Try it: All of the data below is to be written out again exactly.

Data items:
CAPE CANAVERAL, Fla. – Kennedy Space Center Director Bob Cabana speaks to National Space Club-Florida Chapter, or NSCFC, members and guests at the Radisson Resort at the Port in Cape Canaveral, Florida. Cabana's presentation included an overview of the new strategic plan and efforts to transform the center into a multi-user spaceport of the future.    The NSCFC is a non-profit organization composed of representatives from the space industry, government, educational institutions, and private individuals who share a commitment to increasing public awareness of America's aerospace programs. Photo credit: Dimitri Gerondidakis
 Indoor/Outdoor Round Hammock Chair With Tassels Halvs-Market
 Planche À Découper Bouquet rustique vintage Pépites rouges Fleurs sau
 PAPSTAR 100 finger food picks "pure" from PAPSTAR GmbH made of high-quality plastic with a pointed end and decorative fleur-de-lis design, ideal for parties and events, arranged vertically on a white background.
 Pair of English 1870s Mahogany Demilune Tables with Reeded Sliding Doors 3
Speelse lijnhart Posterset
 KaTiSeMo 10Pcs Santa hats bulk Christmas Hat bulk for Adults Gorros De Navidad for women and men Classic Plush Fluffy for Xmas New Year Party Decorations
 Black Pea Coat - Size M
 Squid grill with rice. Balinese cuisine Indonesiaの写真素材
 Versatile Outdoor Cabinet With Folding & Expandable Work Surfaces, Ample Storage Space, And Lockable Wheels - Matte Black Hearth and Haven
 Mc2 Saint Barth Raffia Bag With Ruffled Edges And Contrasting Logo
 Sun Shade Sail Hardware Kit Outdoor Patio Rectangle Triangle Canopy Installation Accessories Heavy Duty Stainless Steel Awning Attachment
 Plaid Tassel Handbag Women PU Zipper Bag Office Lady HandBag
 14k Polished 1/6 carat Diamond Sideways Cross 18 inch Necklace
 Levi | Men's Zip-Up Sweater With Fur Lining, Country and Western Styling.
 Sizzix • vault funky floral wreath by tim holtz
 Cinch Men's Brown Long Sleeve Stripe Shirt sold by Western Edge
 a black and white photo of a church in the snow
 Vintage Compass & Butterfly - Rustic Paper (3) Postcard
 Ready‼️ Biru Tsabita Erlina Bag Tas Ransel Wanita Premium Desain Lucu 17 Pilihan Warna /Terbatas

Output:
CAPE CANAVERAL, Fla. – Kennedy Space Center Director Bob Cabana speaks to National Space Club-Florida Chapter, or NSCFC, members and guests at the Radisson Resort at the Port in Cape Canaveral, Florida. Cabana's presentation included an overview of the new strategic plan and efforts to transform the center into a multi-user spaceport of the future.    The NSCFC is a non-profit organization composed of representatives from the space industry, government, educational institutions, and private individuals who share a commitment to increasing public awareness of America's aerospace programs. Photo credit: Dimitri Gerondidakis
 Indoor/Outdoor Round Hammock Chair With Tassels Halvs-Market
 Planche À Découper Bouquet rustique vintage Pépites rouges Fleurs sau
 PAPSTAR 100 finger food picks "pure" from PAPSTAR GmbH made of high-quality plastic with a pointed end and decorative fleur-de-lis design, ideal for parties and events, arranged vertically on a white background.
 Pair of English 1870s Mahogany Demilune Tables with Reeded Sliding Doors 3
Speelse lijnhart Posterset
 KaTiSeMo 10Pcs Santa hats bulk Christmas Hat bulk for Adults Gorros De Navidad for women and men Classic Plush Fluffy for Xmas New Year Party Decorations
 Black Pea Coat - Size M
 Squid grill with rice. Balinese cuisine Indonesiaの写真素材
 Versatile Outdoor Cabinet With Folding & Expandable Work Surfaces, Ample Storage Space, And Lockable Wheels - Matte Black Hearth and Haven
 Mc2 Saint Barth Raffia Bag With Ruffled Edges And Contrasting Logo
 Sun Shade Sail Hardware Kit Outdoor Patio Rectangle Triangle Canopy Installation Accessories Heavy Duty Stainless Steel Awning Attachment
 Plaid Tassel Handbag Women PU Zipper Bag Office Lady HandBag
 14k Polished 1/6 carat Diamond Sideways Cross 18 inch Necklace
 Levi | Men's Zip-Up Sweater With Fur Lining, Country and Western Styling.
 Sizzix • vault funky floral wreath by tim holtz
 Cinch Men's Brown Long Sleeve Stripe Shirt sold by Western Edge
 a black and white photo of a church in the snow
 Vintage Compass & Butterfly - Rustic Paper (3) Postcard
 Ready‼️ Biru Tsabita Erlina Bag Tas Ransel Wanita Premium Desain Lucu 17 Pilihan Warna /Terbatas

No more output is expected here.